> _Task details_:
Please reproduce the entries below exactly from the line holding "GES2122N- SEGNAPASSI MARRONE" through the last line, both included, and omit any pictures.

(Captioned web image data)
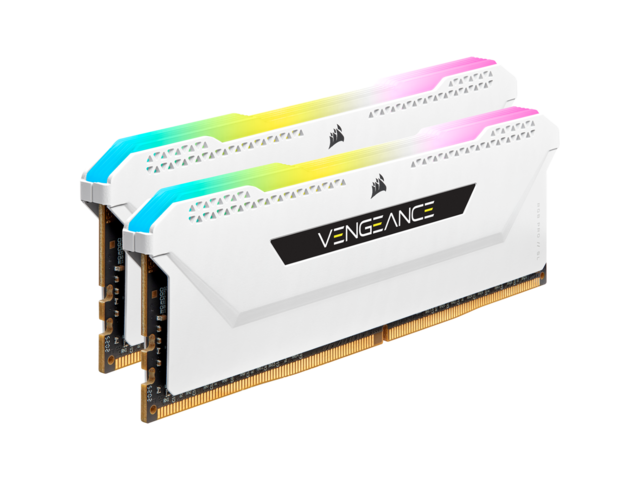16GB (2x8GB) DDR4 3200MHz Corsair Vengeance RGB PRO SL White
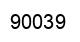 Número 90039 imagen negro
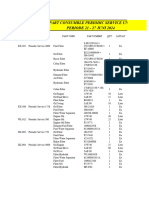 Part Consumable Periodic Service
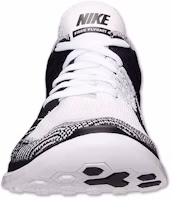 (Women) Nike Free Flyknit 4.0 'White Black' 631050-100 (Women) Nike Free Flyknit 4.0 'White Black' 631050-100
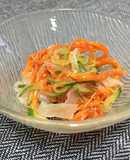 ごま油するめキムチの中華くらげ
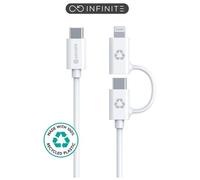 eSTUFF ES600170 câble USB USB 2.0 1 m Blanc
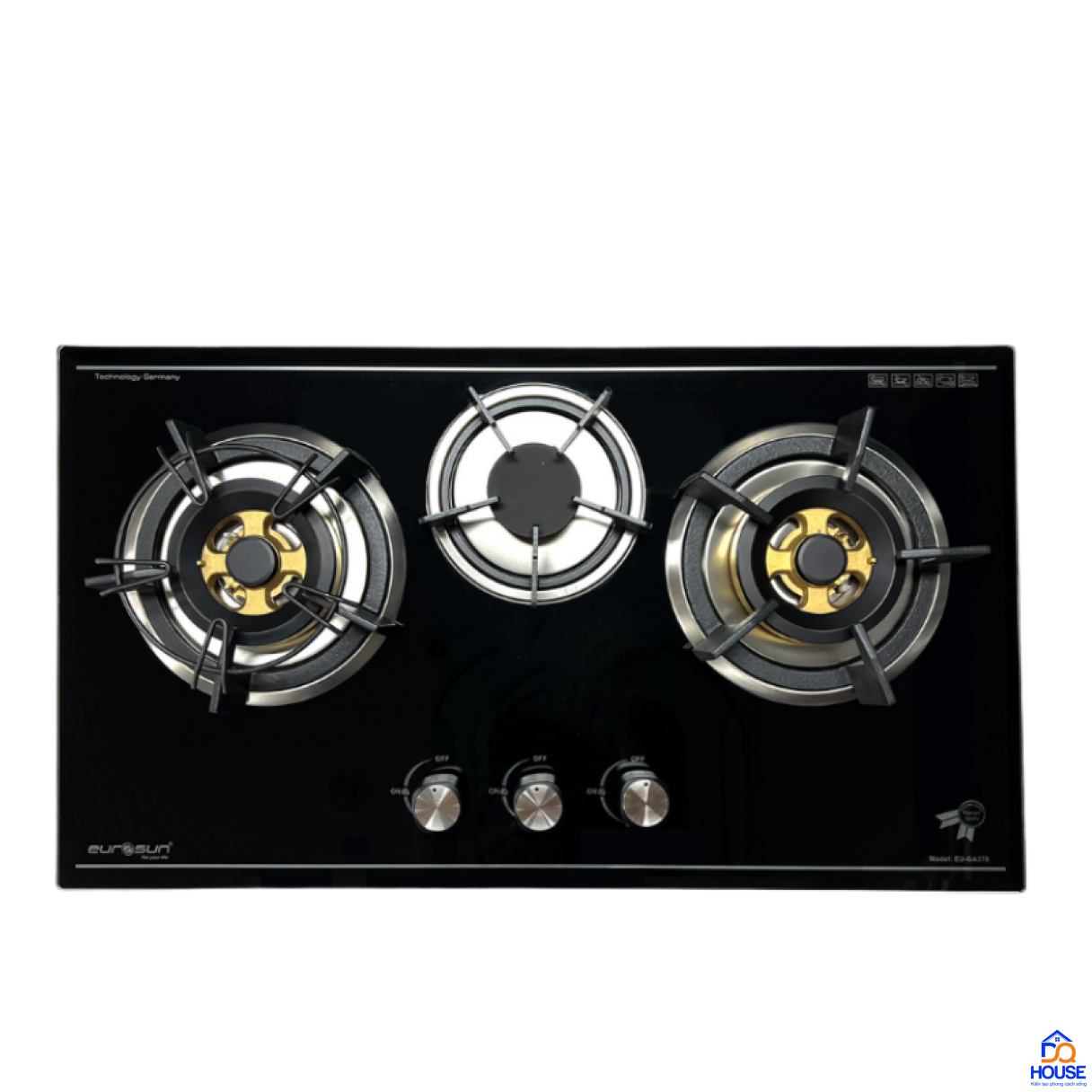 Bếp gas âm 3 lò Eurosun EU-GA378 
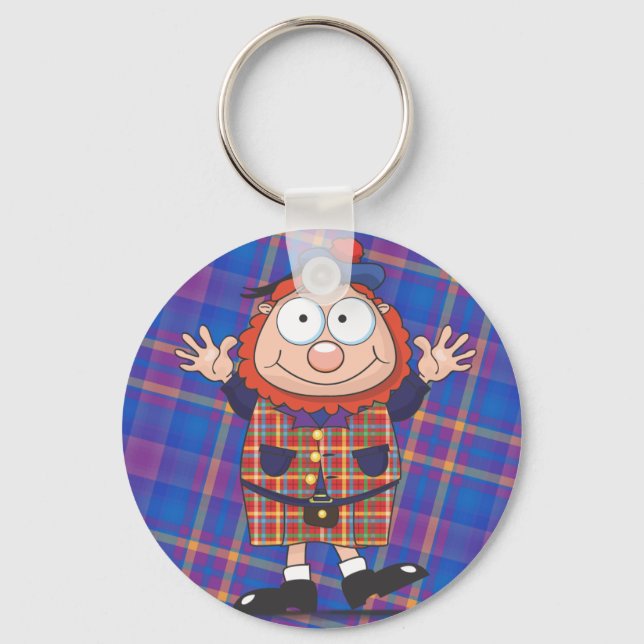 Wee man keychain (Front)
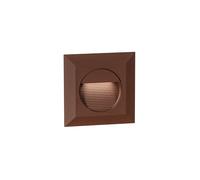 GES2122N- SEGNAPASSI MARRONE A LED IN ALLUMINIO E VETRO 4000K 108LM 3W AD INCASSO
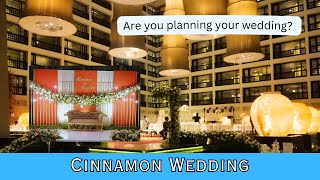 DIY Wedding Decorations Easy and Affordable Ideas  Cinnamon Grand Hotel  Colombo [upl. by Paxton955]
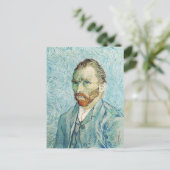 Selbstportrait von Vincent Van Gogh Postkarte (Stehend Vorderseite)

> _Result for this exercise_:
 GES2122N- SEGNAPASSI MARRONE A LED IN ALLUMINIO E VETRO 4000K 108LM 3W AD INCASSO
 DIY Wedding Decorations Easy and Affordable Ideas  Cinnamon Grand Hotel  Colombo [upl. by Paxton955]
 Selbstportrait von Vincent Van Gogh Postkarte (Stehend Vorderseite)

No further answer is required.